Pero, ya que lo que no mata fortalece, con Love, The Cult se convirtió en grupo importante, poderoso que, sin perder su mística rockera y su imaginario tan pletórico de simbolismos, se convirtió en una banda cada vez más popular. Y así, en 1997 logró darle forma a otro disco histórico. Producido por Rick Rubin (que ya se había convertido en una celebridad por haber producido a los Beastie Boys), el disco es probablemente el mejor disco de rock & roll de los ’80. Y acá el acierto es en gran medida de Rubin, ya que The Cult había grabado el disco en Inglaterra, y habían ido a los Estados Unidos para convencerlo a Rubin de que les hiciera un remix de “Love Removal Machine”, despreocupado choreo al riff de “Start Me Up” de The Rolling Stones y temazo por mérito propio. Y Rubin aceptó, pero sólo si lo grababan de nuevo. Después los convenció de grabar de nuevo todo el álbum, que también significó un cambio de dirección para la banda: el sonido de Electric era más pesado, metalero, con influencias de Zeppelin y AC/DC y un cover de “Born to Be Wild” de Steppenwolf que, al lado de “Lil Devil”, “Wild Flower” o la nueva versión de “Love Removal Machine” parecía un tema propio.
Después de Electric, se diría que para The Cult su obra maestra fue también su perdición: aunque haya vendido un millón de discos, aunque tenga canciones que en vivo se suman con dignidad a los clásicos de The Cult (como “Fire Woman”, “Edie (Ciao Baby)”, (dedicada a Edie Sedgwick) o “Sweet Soul Sister”, con Sonic Temple (1988), The Cult se convirtió en una banda de rock americana. De hecho, la producción del disco es de Bob Rock, el productor de Aerosmith. Y es que a partir de ese momento, con nuevos managers, nuevas novias, nuevos amigos (como los Guns n’ Roses) y seguramente nuevos dealers y nuevas groupies, The Cult mutó su identidad: su sonido se volvió cada vez más metalero, con discos como Ceremony, de 1991, y Beyond Good and Evil, del 2001; más allá de algunos aciertos, la magia se perdió. Quizá la cultura americana y la entrada del grupo en el show bizz y el rock de estadios hayan ayudado a que el grupo se terminara convirtiendo en una caricatura de sí mismo, que sólo es posible cuando un grupo tiene una personalidad.

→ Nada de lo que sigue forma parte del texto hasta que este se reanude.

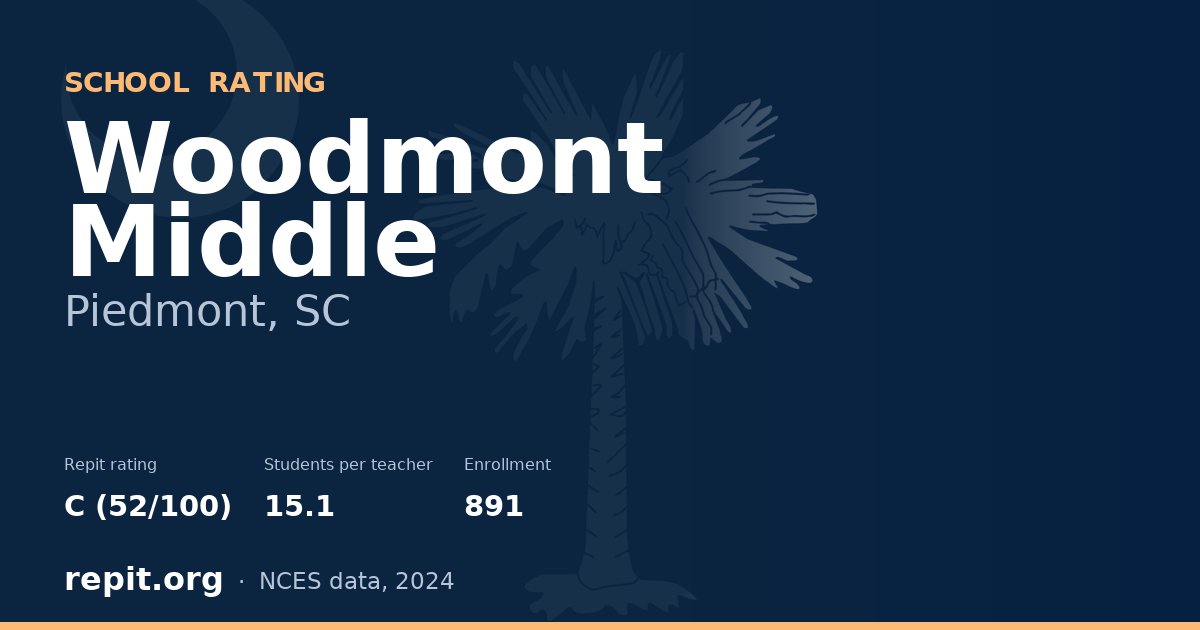 Woodmont Middle, Piedmont, SC — Repit school rating C (52/100)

Y es que, si el arte verdadero (el que buscaban los alquimistas) siempre tiene que ver con saber conciliar los opuestos, es probable que, más allá de las críticas despiadadas y la incomprensión, el The Cult de los ’80 se haya nutrido de manera más original y estética en el Reino Unido que en EE.UU. Y más allá de algunas iniciativas muy reveladoras sobre la importancia histórica de una banda como The Cult (como el festival A Gathering of the Tribes, que Ian Astbury organizó en 1991 en Los Angeles y San Francisco con artistas como Soundgarden, Ice T, Indigo Girls, Queen Latifah, Iggy Pop, The Cramps, The Charlatans y Public Enemy, que duró dos días en los que asistieron 40.000 personas e inspiró el comienzo de Lollapalooza, que arrancó justamente en 1991), las consecuencias de irse a vivir a Estados Unidos fueron que lo que antes era sofisticado se volviera vulgar. Lo que no les impidió en su última visita, ni les impedirá, por supuesto, seguir siendo en vivo uno de los mejores shows de rock & roll del mundo. Y es que The Cult está más allá de cualquier revival y su música nos confirma el potencial del sonido para hacernos tomar conciencia de que estamos vivos, y que, aquí y ahora, al final de cuentas, el tiempo no para.
The Cult toca en Buenos Aires el martes 10 de mayo en el Estadio Cubierto Malvinas Argentinas, Gutenberg 350, La Paternal, junto a Cuarteto de Nos y Utopians. Arranca a las 19; entradas desde $ 200. Y el 11 de mayo en Teatro Colegiales, Federico Lacroze y Alvarez Thomas, junto a Coverheads; entradas desde $ 300.